If one’s perspective shifts, if one sees more of the figure, the oddness intensifies. Despite the first impression in the close-up, the larger figure is not normal, at all. He is not human, or not fully. Part of what disturbs about the larger sculpture he forms part of – he and the other two of Jane Alexander’s Butcher Boys– is how human he remains nevertheless. He is too human to be rejected entirely as animal or other. The bestiality of the head and the intimations of violence notwithstanding, the part in the close-up remains beautiful. Indeed, as men who desire other men know, to call a grown man a ‘boy’ is to eroticize him, to make him ‘something you play with’ (Mendelsohn 1999: 101). Their hybridity makes these figures far more perturbing than a representation of things wholly bestial or monster. The Butcher Boys are categorical abominations, beings that disrupt by eluding categorization. By their calling established categories into question, and standing outside the normal, they are decidedly queer. As elaborated by Jaco Barnard-NaudĂ© in Chapter 5 in this collection, that queerness is specifically located. The Butcher Boys dwell in the South African National Gallery in Cape Town, a location that evokes histories of colonialism, institutionalized racism, and the deployment of law for repressive and emancipatory ends. The need to view or read carefully in order to appreciate the close-up’s queerness makes it an apt portal into this collection.
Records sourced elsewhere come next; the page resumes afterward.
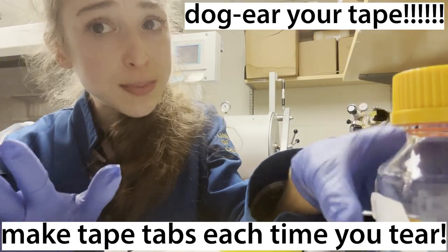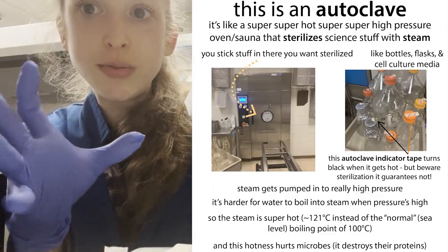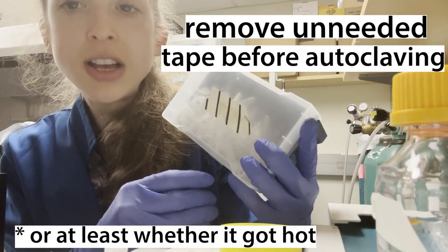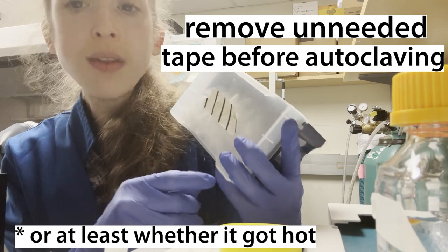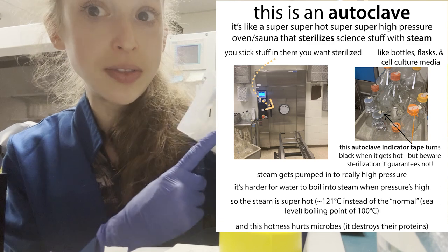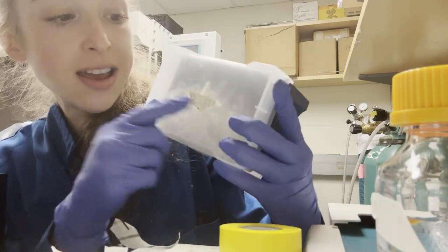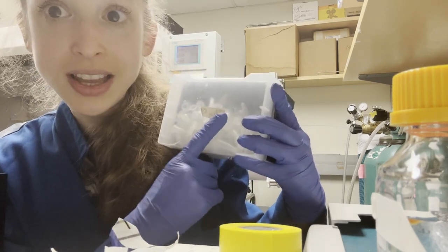The flap is especially important every time that you stick something in the autoclave. The autoclave is a heat pressure sterilizer and it's going to get things stuck on very tightly. So first off, don't put any tape in the autoclave that doesn't need to be there — take off old labels before you put them in or it's going to be really hard to get them off. For the autoclave tape itself, that has to go in because it's what tells you if the thing is sterile, and you're going to want a flap on it so you can pull it off.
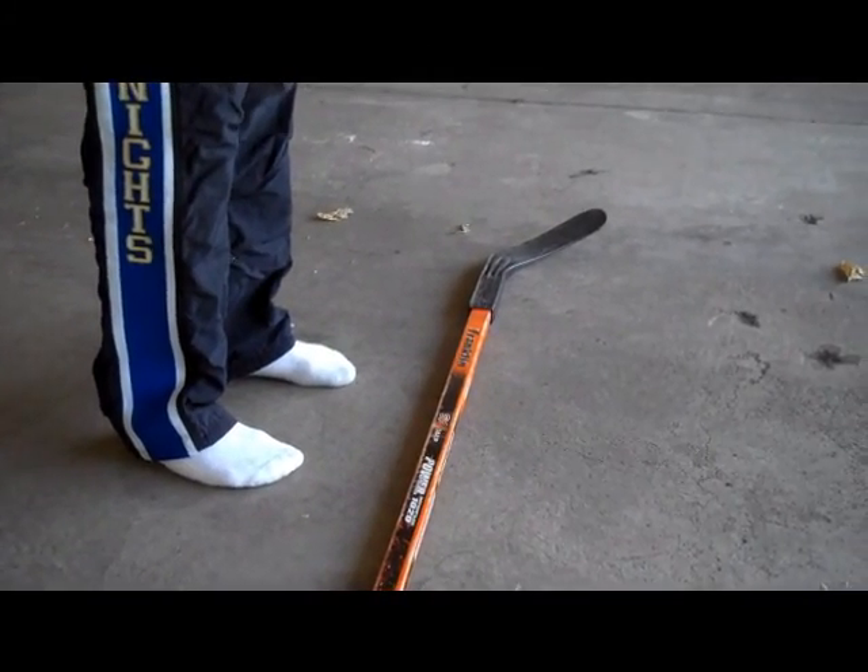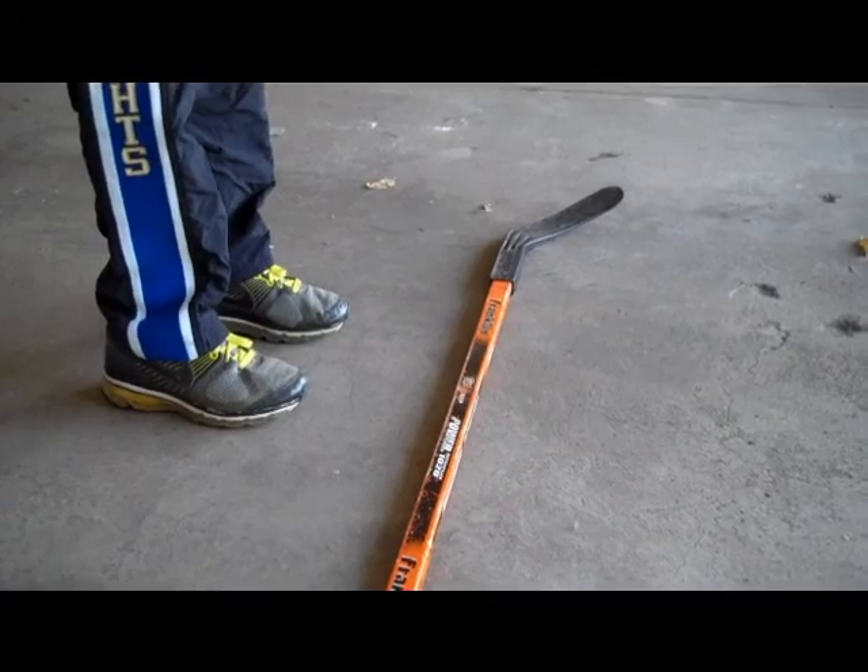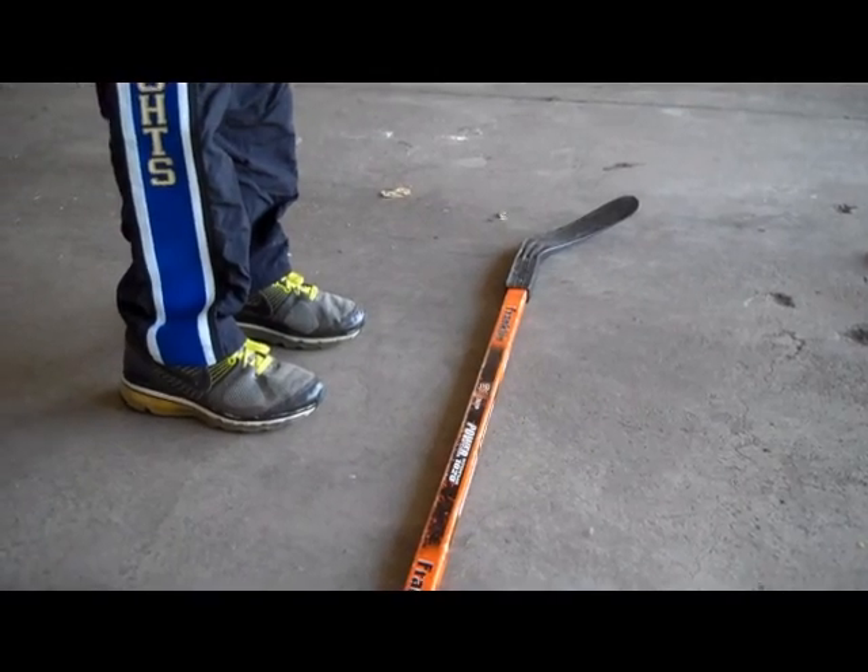Before buying the Iken Pumps... after buying the Iken Pumps. What a difference!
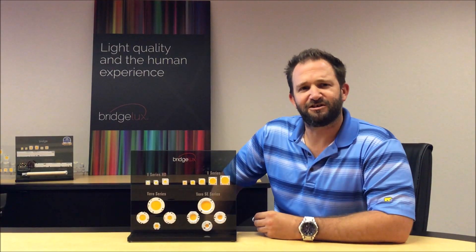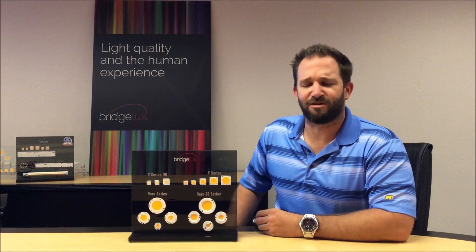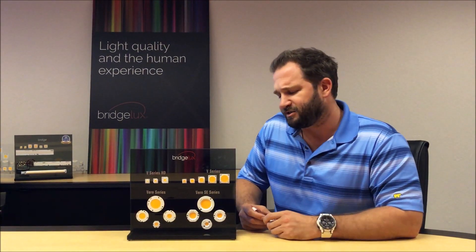Hi, Brandon here with Bridgelux. A lot of people ask us about the differences between our seventh generation products. Our Vero product is our flagship product and this comes with an integrated holder that has both solder pads and a port for a wire harness.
The attraction of queer theory is its resistance to definition. It has little claim to be a unified theory of any sort. If it has a core, queer theory is about resisting categorization, for itself and for its subjects. It has been described as ‘a zone of possibilities in which the embodiment of the subject might be experienced otherwise’ (Edelman 1994: 114). ‘Queer’ can refer to ‘the open mesh of possibilities, gaps, overlaps, dissonances and resonances, lapses and excesses of meaning when the constituent elements of anyone’s gender, of anyone’s sexuality aren’t made (or can’t be made) to signify monolithically’ (Sedgwick 1993: 8). This collection celebrates such a refusal of definitions – as well as the insistence that definitional closure is impossible or undesirable. It also exemplifies two distinct but related approaches to queer.
First, as a noun or adjective, queer can denote particular subjects. As such, queer theory can reflect on what it means to be queer (Colebrook 2009: 11). Thus, some contributors use queer to refer to subjects, identities, or other things, in line with early queer theorists who devoted energy to disarticulating what it means to be ‘normal’, to creating non-normativities, and to embracing anti-assimilationism (Warner 1999). Here, queer risks stabilizing into an identity rather than remaining a radical critique of identity (Halberstam 1997: 260). Yet the identities signified and produced as queer have remained contested and in flux, with new identities insisting on their queerness too (for example, transgender, two-spirited, intersex, and questioning).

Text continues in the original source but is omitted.